Shares of Roku (NASDAQ:ROKU) have been up this month. On Friday, July 8, they jumped just over 5% when the stock closed at $98.11 for a $4.94 gain on the day.
Why the big move?
The streaming media company wasn’t making news on Friday. No new product releases, no earnings reports and no notable analyst upgrades in the headlines.
With Roku stock up over 240% year-to-date, chalk Friday’s pop up to a company that’s firing on all cylinders.

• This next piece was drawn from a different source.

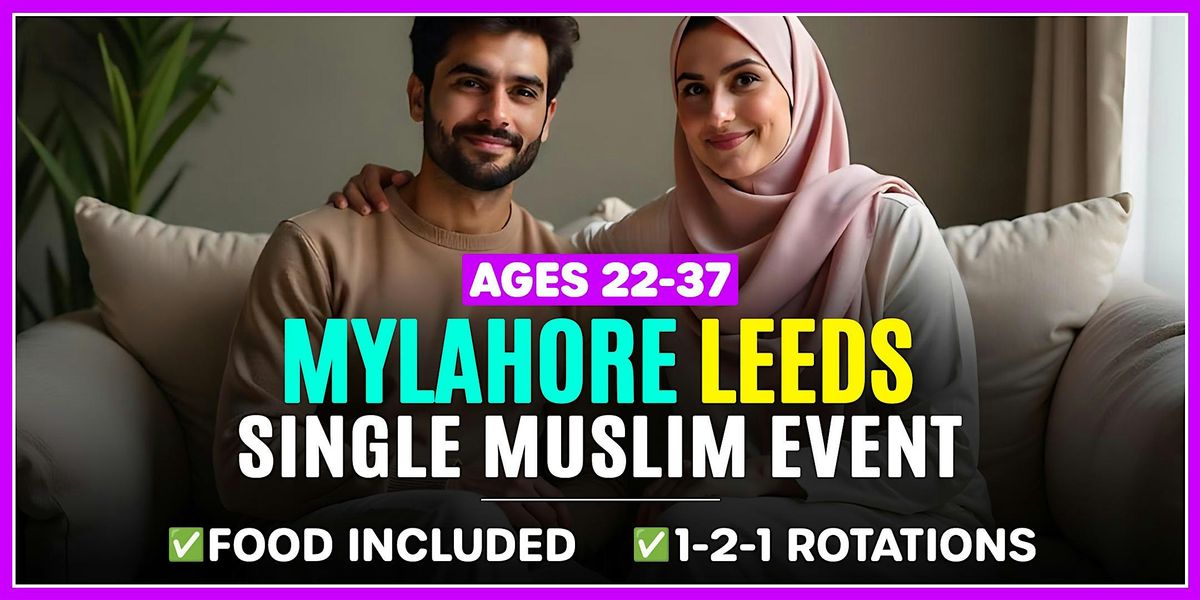 Muslim Marriage Events Leeds for Ages 22-37 @MyLahore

ROKU Dominates U.S. Streaming Market
Some of the biggest tech companies in the world are players in the video streaming market. Apple (NASDAQ:AAPL) had an early lead in the streaming TV market — the first Apple TV streamers were released in 2007 — but has since fallen behind. Alphabet’s (NASDAQ:GOOG, NASDAQ:GOOGL) Google has its Chromecast streamers and Amazon (NASDAQ:AMZN) has a series of popular FireTV devices. All three have their software in various smart TVs as well (Apple was the latest to join that club), and video game consoles including the PlayStation and Xbox are also popular streaming platforms.
However, none of these can come close to the popularity of ROKU in the U.S. market.
According to a report released in June by Strategy Analytics, ROKU not only continues to dominate the U.S. streaming market, it’s continuing to expand its lead. In its first quarter, there were 41 million Roku-based devices in use nationally, including Roku’s own streamers and smart TVs running Roku software. Over 30% of all devices sold in Q1 that are capable of streaming TV were Roku-powered.
ROKU earns revenue when its streaming hardware is sold. But the real prize is the ongoing revenue it collects through selling advertising on Roku channels, and taking a cut of subscription services like Netflix (NASDAQ:NFLX) when customers sign up using a Roku device. In fact, the company makes more money on advertising and licensing than through hardware sales. The success in leveraging its platform to grow that ad revenue has helped propel ROKU stock to over 200% growth this year, and an all-time record high several weeks ago.
Analysts have downgraded ROKU stock at several points this year, based on concerns that deep-pocketed competitors would expand their U.S. offerings. However, at this point nothing has been able to slow ROKU’s momentum in this country.
Could Anything Stop ROKU?
The Strategy Analytics report spikes out one key challenge that ROKU faces: international expansion. The current ROKU stock price is based largely on the company’s success in the U.S. market, but globally Roku is less of a player. The brand is not as well known and lacks the partnerships it enjoys with manufacturers making smart TVs for the U.S. market.
In 2018 one in four smart TVs sold in the U.S. ran ROKU software, but globally it was just 4%.
ROKU is going to have to work with TV manufacturers and spend money on marketing in order to build brand awareness outside of the U.S. market. Making the challenge even more difficult, competitors like Google, Amazon, Samsung and Apple are already well established globally — meaning ROKU will have to not only convince consumers to buy into its platform, in many cases it will have to convince them to switch from a competing platform. And that’s much more difficult.
International expansion will be expensive. It’s going to take time and there are no guarantees the company can muscle in. If the status quo remains outside of the U.S. market, then Roku stock is limited by how much revenue it can squeeze out of American customers — and the risk that one of the big players like Amazon decides to take a more serious run at disrupting the U.S. streaming market.
However, if you look at international expansion as an opportunity, then Roku stock price still has room to grow, even as it creeps back toward $100. With ROKU continuing to gain ground today, it appears that is the attitude investors are taking at the moment.
As of this writing, Brad Moon did not hold a position in any of the aforementioned securities.